The fast field cache is 200MB. The hotcache is 10MB. The binary is of around 58BM.
The problem was malloc...
Here is the RSS. Malloc is on the left. On the right I switched to jemalloc. I will split my work in several PR and ship it rapidly
@kstaken jmalloc is now in main. If you have time, can you confirm that it solves your problem?
Nice find. We'll do a new build and test it today.
Some good news, some bad.
Memory usage looks much more sane now and aligns with what we would expect for the cache settings in use. That's a big win! 👍
The bad news is that query times are 69-72 seconds with no evidence of caching making any difference. Previously the first query would be in the 60 second range but subsequent queries dropped to around 30 seconds.
We also tried doubling the cache sizes to confirm we weren't simply churning the cache and it made no difference.
It also never uses much beyond 2 CPUs but maybe that makes sense since it's using async concurrency for the split searches. Previously it was using 4 CPUs.

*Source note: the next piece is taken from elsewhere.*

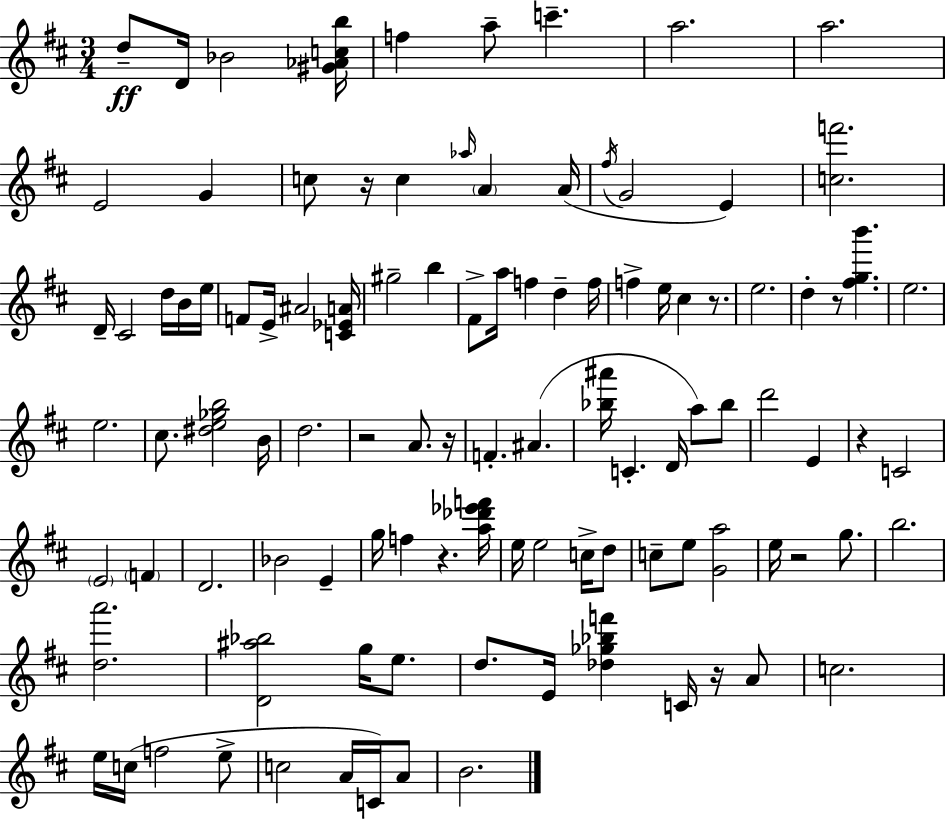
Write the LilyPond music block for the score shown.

@kstaken Closing this ticket and opening another one.
Describe the bug
We've now loaded Quickwit with 16.4 Billion records and have started to trigger some out of memory (OOM) failures. In addition we've also seen clustering issues so to isolate the OOMs we scaled down to a single search node.
The test query matches 67 million records but there's no sorting, timestamps or anything complicated on the query, just a single criteria i.e.:
field:value
and max_hits=1.On a single searcher node this query will run successfully in about 38 seconds on the first run, 25 seconds on the second run and then consistently OOM on the third. Queries are not concurrent and no other queries are submitted between subsequent runs.
In this case it's the kernel killing Quickwit since it's exceeding the memory limit allocated. The searcher is running in Kubernetes with 32 GB of RAM allocated.
Configuration:
This index currently has 1,340 splits, with 10M doc target per split.
Memory and cache settings are the defaults.